Non-atypical EH = SH or CH.

RRs are adjusted for age at index biopsy, date of index biopsy, interval between EH and carcinoma (for cases) or matched censoring date (for controls), BMI at the time of EH diagnosis, MPA-based treatment for EH, and follow-up biopsies.

For EIN classification, 9 cases and 4 controls were judged to be inadequate for EIN classification (RR=2.19, 95% CI, 0.44–10.82). Another 3 case and 3 control slides were not available for review.

The RR for EIN, compared with benign, was 7.76 (95% CI, 3.36–17.91). The RR for an index biopsy that was called cancer by the EIN panel was 17.11 (95% CI, 4.18–70.10), based on 13 cases and 10 controls.
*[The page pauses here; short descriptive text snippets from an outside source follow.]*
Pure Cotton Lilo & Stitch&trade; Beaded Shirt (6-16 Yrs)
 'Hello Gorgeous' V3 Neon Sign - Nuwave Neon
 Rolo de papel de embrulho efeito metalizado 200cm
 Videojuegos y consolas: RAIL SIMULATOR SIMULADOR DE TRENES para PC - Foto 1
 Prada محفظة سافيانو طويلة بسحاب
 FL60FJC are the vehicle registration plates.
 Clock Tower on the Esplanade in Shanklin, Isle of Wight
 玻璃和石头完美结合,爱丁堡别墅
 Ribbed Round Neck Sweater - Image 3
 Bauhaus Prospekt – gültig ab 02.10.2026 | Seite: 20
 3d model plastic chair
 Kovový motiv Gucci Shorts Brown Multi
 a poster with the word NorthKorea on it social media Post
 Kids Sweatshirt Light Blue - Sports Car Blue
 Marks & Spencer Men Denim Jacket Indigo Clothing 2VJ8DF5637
Combining these patients with the EIN group produced an RR of 8.95 (95% CI, 4.06–19.74) for EIN-or-cancer (55 cases, 75 controls), compared with benign. Figure 1 shows the overlap between those combinations and their respective RRs. Excluding these 13 cases and 10 controls from the progression risks based on the panel WHO produced RRs for non-atypical EH (2.25, 95% CI, 1.07–4.73) or AH (10.66, 95% CI, 3.73–30.47) that were similar to the RRs based on 138 cases and 241 controls. Note that the slides from another 13 cases (6.1% of all potential cases) and 3 controls (0.7% of all potential controls) whose index biopsies were called cancer by the WHO panel (7) were not included in the EIN diagnostic review and are not included in any of the analyses presented here.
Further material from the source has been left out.